** Extracted entries follows **

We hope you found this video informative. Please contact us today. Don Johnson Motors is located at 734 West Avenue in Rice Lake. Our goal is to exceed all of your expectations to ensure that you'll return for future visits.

** End of Extracted entries **
** Extracted entries follows **

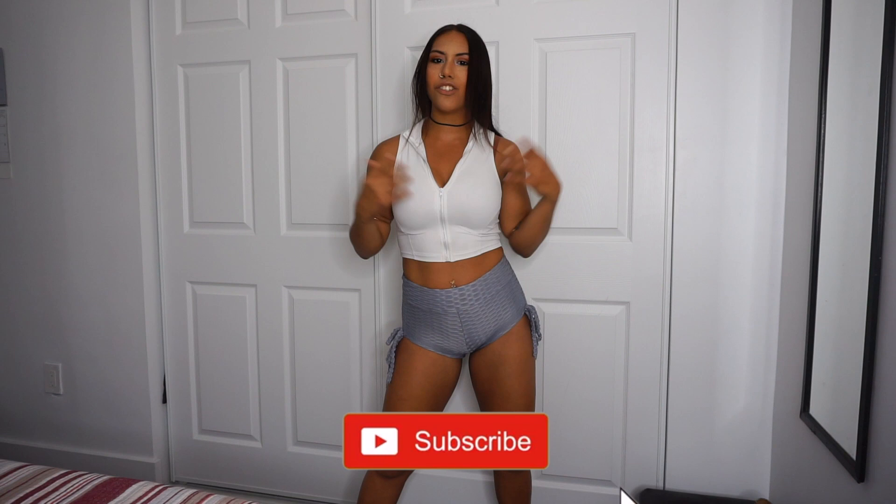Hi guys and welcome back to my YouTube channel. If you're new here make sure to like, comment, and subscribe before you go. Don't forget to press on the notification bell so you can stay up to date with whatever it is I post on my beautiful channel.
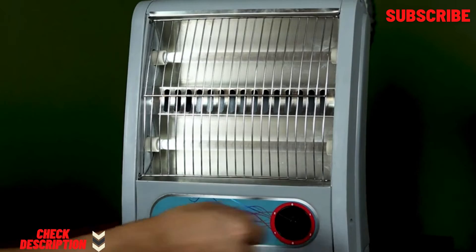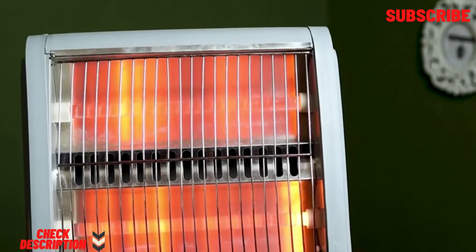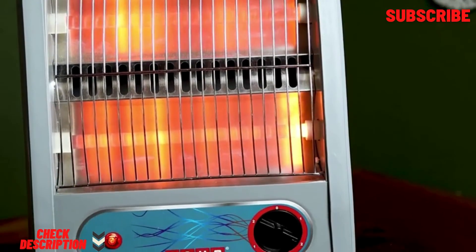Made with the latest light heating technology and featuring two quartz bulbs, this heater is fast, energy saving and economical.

** End of Extracted entries **

What you write must match the listing exactly, from the line with "Hi guys and" up to and including the line with "Made with the". Pictures stay out.

* **Exercise solution**
Hi guys and welcome back to my YouTube channel. If you're new here make sure to like, comment, and subscribe before you go. Don't forget to press on the notification bell so you can stay up to date with whatever it is I post on my beautiful channel.
Made with the latest light heating technology and featuring two quartz bulbs, this heater is fast, energy saving and economical.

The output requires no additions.